I have a directory of 30 TB having billions of files in it which are formally all JPEG files. I am deleting each folder of files like this:

sudo rm -rf bolands-mills-mhcptz

This command just runs and doesn't show anything whether it's working or not.

I want to see as it's deleting files or what is the current status of the command.

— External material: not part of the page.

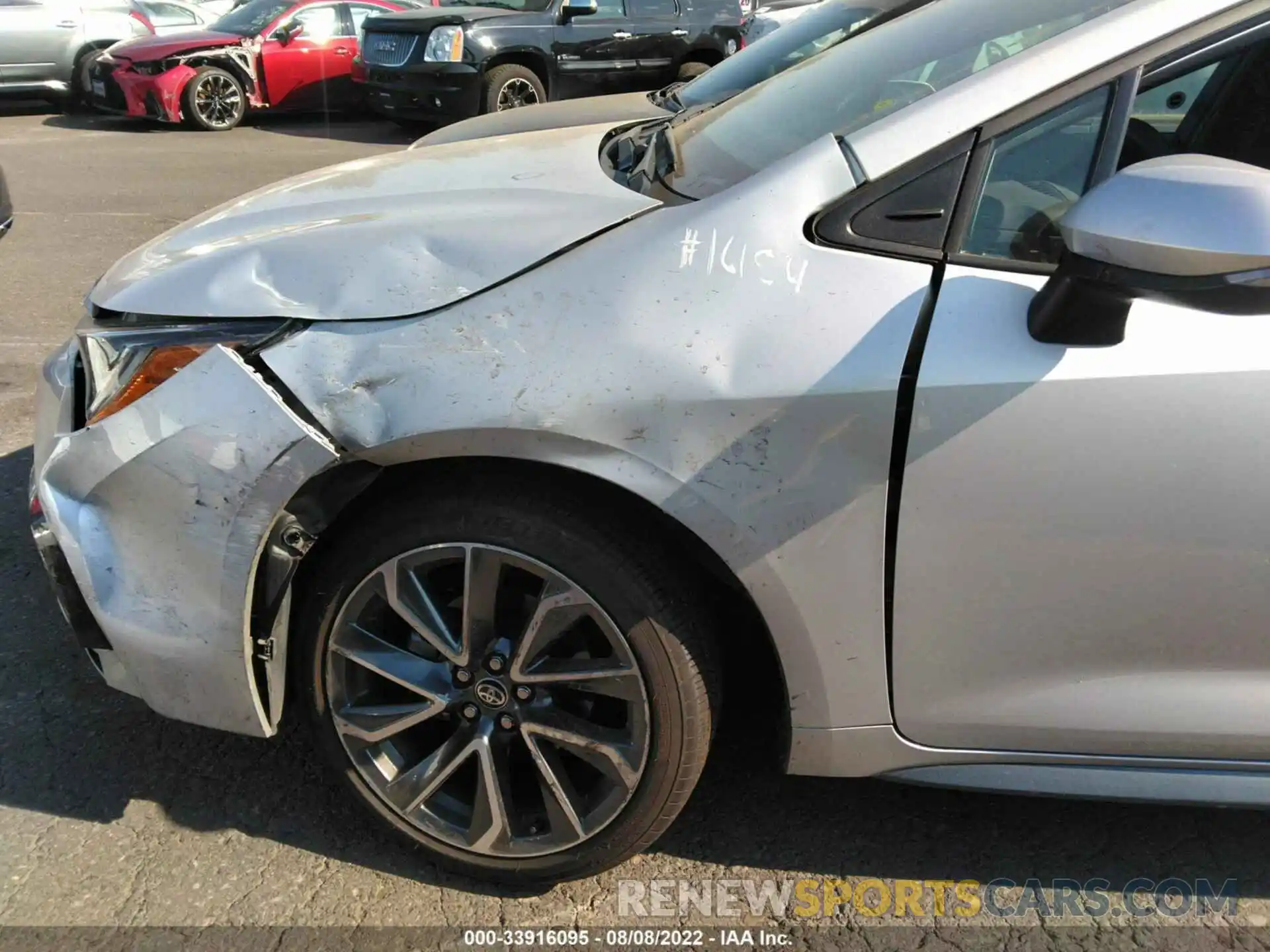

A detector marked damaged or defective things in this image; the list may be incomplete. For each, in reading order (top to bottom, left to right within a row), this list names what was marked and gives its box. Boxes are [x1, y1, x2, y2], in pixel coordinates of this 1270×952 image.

Not answers: Sometimes it is faster to backup the stuff you want to keep, format, and restore the stuff you want to keep. Other answers: http://unix.stackexchange.com/questions/37329/efficiently-delete-large-directory-containing-thousands-of-files — Eric Towers, Dec 01 '16 at 17:59
If you just want an idea of progress, rather than knowing which particular files have been removed, you could run "df /dev/sd_whatever_the_drive_is". — jamesqf, Dec 01 '16 at 18:21
How did you end up with billions of files in a single directory?? — Lightness Races in Orbit, Dec 02 '16 at 16:44
In future, I suggest using a filesystem which can delete faster than ext4, such as xfs, or better yet, a next-gen filesystem such as ZFS or btrfs, where you can simply delete an entire dataset at once. — Michael Hampton, Dec 03 '16 at 03:54
@MichaelHampton But if the files aren't a separate dataset, it may take a long time. (on ZFS) https://serverfault.com/questions/801074/delete-10m-files-from-zfs-effectively — v7d8dpo4, Dec 03 '16 at 15:28
@v7d8dpo4 If that happens, then the system wasn't planned well enough at the start. — Michael Hampton, Dec 03 '16 at 18:11
@MichaelHampton, the last time I tried XFS, it was significantly slower than ext3 when deleting files. — Simon Richter, Dec 04 '16 at 15:42
@MichaelHampton using your logic all directories should be different datasets to avoid the chance that a program fills a directory by mistake. — Ed Neville, Feb 25 '17 at 16:16
@EdNeville Huh? Not all directories, just the ones that need to be. — Michael Hampton, Feb 25 '17 at 17:42
@MichaelHampton, that's the problem, it's a great feature to destroy a FS easily, but it is useless if you cannot predict the directories that will suffer a problem. — Ed Neville, Feb 25 '17 at 20:10
@EdNeville In the OP's case, it's very likely that it was predictable well in advance. In fact it's predictable in most cases. — Michael Hampton, Feb 25 '17 at 20:13

Lesmana · Accepted Answer · 2017-03-10T21:10:07.657

107

You can use rm -v to have rm print one line per file deleted. This way you can see that rm is indeed working to delete files. But if you have billions of files then all you will see is that rm is still working. You will have no idea how many files are already deleted and how many are left.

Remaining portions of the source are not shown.